In the beginning, Dollar Shave Club relied on the e-commerce platform Magento for most of its website activity. The company has always used subscriptions as the base of its business model, but Magento did not support subscription billing, Bosco said, which forced engineers to bolt on an external billing product. Naturally, glitches ensued.

"It was then that we realized we had to take control of our technology stack," Bosco said. "So we built our own e-commerce platform for our own business model. That's when the focus shifted to us being more of an engineering company."

Bosco said it took about three months to build the foundation of Dollar Shave Club's new e-commerce platform. The initial focus was on the consumer-facing website, then once that was completed, the team went to work on a series (22, to be exact) of custom-built applications for each business unit.

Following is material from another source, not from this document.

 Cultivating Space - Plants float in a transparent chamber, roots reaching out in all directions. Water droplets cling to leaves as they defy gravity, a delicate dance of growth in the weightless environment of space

First up was a custom CRM platform named Brain, which is currently on its fourth iteration as engineers continue to optimize the system for Dollar Shave Club's member services team. Next came Voice, a cross-channel marketing automation platform that currently handles more than 16 million emails sent monthly to Dollar Shave Club customers.

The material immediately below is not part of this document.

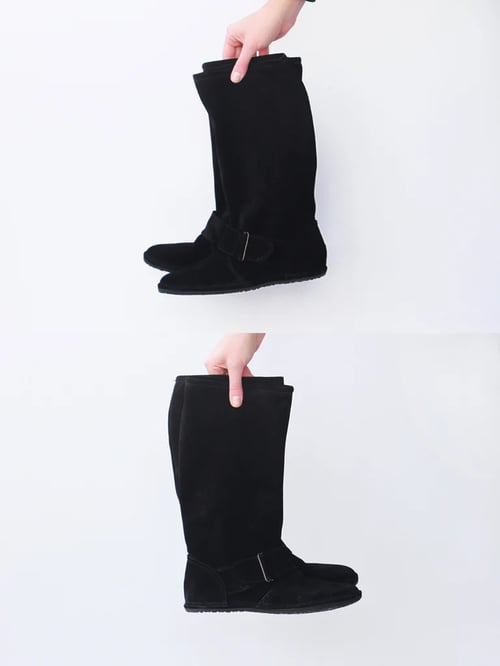 Image of Slouchy Boots in Black suede - 41 EU - Ready to ship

Sticking with the body-parts theme, engineers also built Arm, an order fulfillment software platform that helps customize packaging and shipping; Ears, a telephony system for customer support; Baby Boy, a subscription billing platform that also handles payments and fraud protection; and Hypothalamus, a machine learning and data science engine.

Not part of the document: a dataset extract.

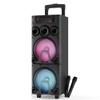 Audiobox ABX-8080R Bluetooth Party Speaker with Dual 8" Woofers, Wooden Cabinet, TWS Pairing, LED Lights, 2 Wireless Microphones, USB/microSD/AUX, Rechargeable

Bosco concedes that homemade IT, even of the upmost professional quality, is not without its challenges. Sometimes it's frustration over how quickly features can be rolled out, while other times it's confusion with how to use the software.

"Everyone understands that we are a growing company," Bosco said. "We can't launch something on day one and have everyone understand it. But we are constantly trying to keep up, and we are always trying to be on par with the third-party offerings."

In terms of infrastructure, Dollar Shave Club is completely hosted on Amazon Web Services (AWS). By the numbers, Dollar Shave Club says it sees 650GB of data usage per day and 9TB of monthly traffic bandwidth, along with 1.5TB in its data warehouse.

Bosco noted that it was the reliability of AWS servers and the customizability of its CDN provider Fastly that helped Dollar Shave Club pull off its first Super Bowl ad with no site downtime.

"We were able to handle all the traffic the Super Bowl ad sent to us," he said. "Most of our traffic is served out from servers from user locations. This makes the site almost infinitely scalable in that you can throw as much traffic at it as possible and it does fine."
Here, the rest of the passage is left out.